Database_cnx = pymysql.connect(user='XXXX', password='XXXX',
                              host='XXXX',
                              database='XXXX',
                              use_unicode=True,
                              charset='utf8mb4')

article_content = str(row[3].encode("utf-8")).replace("'", "\'").replace("\"", "\'")

q_i = ("INSERT INTO article_items (" + ", ".join(article_table_col_name_new) + ")"
"VALUES ({:d}, \"{:s}\", \"{:s}\", \"{:s}\", \"{:s}\", \"{:s}\", \"{:s}\")".format(row[0], urlparse(row[1]).netloc, row[1], row[2].replace("\"", "'"), article_content, datetime.fromtimestamp(row[4]).strftime("%Y-%m-%d"), updated)
)

So how can I have it that only the actual article content appears in my column, instead of the b' byte and the utf-8 literals. thanks


Solution

  • The problem is that you're explicitly encoding your string into a UTF-8 bytes, and then turning that UTF-8 bytes into its string representation.

    That's what this code means:

    str(row[3].encode("utf-8"))
    

    If you don't want to do that, just don't do that:

    row[3]
    

    Here's an example that shows what you're doing:

    >>> s = 'à'
    >>> s
    'à'
    >>> s.encode('utf-8')
    b'\xc3\xa0'
    >>> str(s.encode('utf-8'))
    "b'\\xc3\\xa0'"
    

    What you want here is the first one.

    More generally, calling str on a bytes is almost never useful.
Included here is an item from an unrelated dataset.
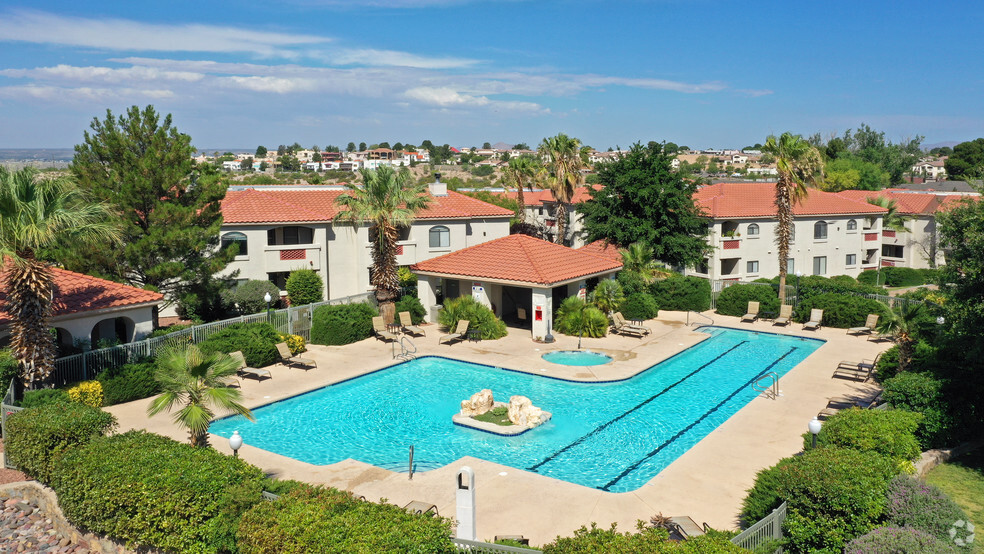 Building Photo - Quail Ridge Apartments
If you unavoidably have a bytes and you need a str, you get it by calling the decode method. But in this case, you don't unavoidably have a bytes. (I mean, you could write row[3].encode("utf-8").decode("utf-8"), but that would obviously be pretty silly.)


    As a side note—but a very important one—you should not be trying to str.format your values into the SQL string. Just use query parameters. Here's the obligatory xkcd link that explains the security/safety problem, and on top of that, you're making your code much more complicated, and even less efficient.

    In other words, instead of doing this:

    "VALUES ({:d}, \"{:s}\", \"{:s}\", \"{:s}\", \"{:s}\", \"{:s}\", \"{:s}\")".format(row[0], urlparse(row[1]).netloc, row[1], row[2].replace("\"", "'"), article_content, datetime.fromtimestamp(row[4]).strftime("%Y-%m-%d"), updated)
    

    … just do this:

    "VALUES (%s, %s, %s, %s, %s, %s, %s)"
    

    And then, when you later execute the query, pass the arguments—without all that complicated converting to strings and quoting and replacing embedded quotes, just the values as-is—as the arguments to execute.

    db.execute(q_i, (
        row[0], urlparse(row[i]).netloc, row[1], row[2], article_content, 
        datetime.fromtimestamp(row[4]).strftime("%Y-%m-%d"), updated))
    

    In fact, if your next to last column is—or could be—a DATETIME column rather than a CHAR/VARCHAR/TEXT/whatever, you don't even need that strftime; just pass the datetime object.

    And notice that this means that you don't need to do anything at all to article_content. The quote stuff is neither necessary nor a good idea (unless you have some other, app-specific reason that you need to avoid " characters in articles), and the encoding stuff is not solving any problem, but only causing a new one.